Doctors who issue medical marijuana recommendations to patients echoed the plea by advocates to keep licensed medical dispensaries open.
“I’m in favor of the state closing as many businesses as possible as early as possible, but we need to think very carefully about the fact that tens of thousands of people in Massachusetts truly depend on cannabis as a medicine," said Dr. Peter Grinspoon, a Harvard Medical School instructor who also issues cannabis recommendations. “It’s going to be a disaster if they get cut off.”
Grinspoon called on the Cannabis Control Commission to temporarily allow doctors to issue and renew recommendations over online video systems instead of requiring in-person appointments, saying most such interactions are routine.
The commission, whose staff is mostly working from home, said its regulations allow doctors to renew existing medical marijuana certifications over the phone or video, as long as they have seen the patient in person within the past year. It is also encouraging operators to expand their medical marijuana delivery operations. (Recreational delivery licenses have yet to be issued.)
So far, cannabis industry leaders said, there haven’t been widespread disruptions to growing and manufacturing operations.
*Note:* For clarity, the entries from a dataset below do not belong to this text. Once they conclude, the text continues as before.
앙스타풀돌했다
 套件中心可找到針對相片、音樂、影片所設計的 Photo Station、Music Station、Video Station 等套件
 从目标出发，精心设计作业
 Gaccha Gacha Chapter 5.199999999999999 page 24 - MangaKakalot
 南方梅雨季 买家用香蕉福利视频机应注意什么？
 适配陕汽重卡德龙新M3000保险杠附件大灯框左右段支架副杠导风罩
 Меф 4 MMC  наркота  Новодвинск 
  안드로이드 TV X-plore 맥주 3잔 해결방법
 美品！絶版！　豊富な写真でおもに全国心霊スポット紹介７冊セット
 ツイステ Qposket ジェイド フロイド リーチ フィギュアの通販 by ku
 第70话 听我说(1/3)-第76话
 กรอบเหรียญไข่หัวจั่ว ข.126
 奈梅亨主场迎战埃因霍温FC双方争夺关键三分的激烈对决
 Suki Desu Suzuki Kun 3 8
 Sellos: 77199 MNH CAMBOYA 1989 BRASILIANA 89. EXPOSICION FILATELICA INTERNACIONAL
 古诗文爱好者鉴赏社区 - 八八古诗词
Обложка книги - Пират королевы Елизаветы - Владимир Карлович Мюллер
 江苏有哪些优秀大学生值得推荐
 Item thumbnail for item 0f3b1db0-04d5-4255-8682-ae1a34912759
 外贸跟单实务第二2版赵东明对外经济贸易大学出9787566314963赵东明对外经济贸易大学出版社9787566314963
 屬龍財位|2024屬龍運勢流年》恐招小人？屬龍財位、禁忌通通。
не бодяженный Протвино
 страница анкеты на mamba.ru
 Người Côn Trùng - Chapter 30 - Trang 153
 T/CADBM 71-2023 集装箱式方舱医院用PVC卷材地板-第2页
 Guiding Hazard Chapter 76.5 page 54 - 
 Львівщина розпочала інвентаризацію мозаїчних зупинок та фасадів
But that could change as the virus spreads; workers could start falling ill, and there are jitters over increases in the price of isopropyl alcohol, which is used in some THC extraction processes but also to make sanitizing products.
One company, CommCan, said it has suspended wholesale operations from its Medway growing and processing facility in order to meet surging demand at its Millis marijuana store, and to avoid unwittingly spreading the virus.
CommCan chief executive Marc Rosenfeld said that if the company is forced to reduce hours for retail workers, those employees could be reassigned to the growing and manufacturing operation. Workers who miss time because of the virus won’t lose their jobs, he vowed.
Other firms, including NETA and Sira Naturals, have also expanded their sick time policies to encourage ill workers to stay home.
But no company can guarantee hourly employees won’t soon lose some or all of their scheduled shifts, leaving some destitute. And union leaders warned that because marijuana is still illegal under US law, the state’s thousands of cannabis workers could be ineligible for any forthcoming federal financial assistance.
“I’m worried about cannabis workers being left behind by any federal response,” said Jim Carvalho, the political director of United Food and Commercial Workers Local 1445, which is organizing Massachusetts cannabis employees. “The states have to step up and make sure that they have access to the same protections other workers would have."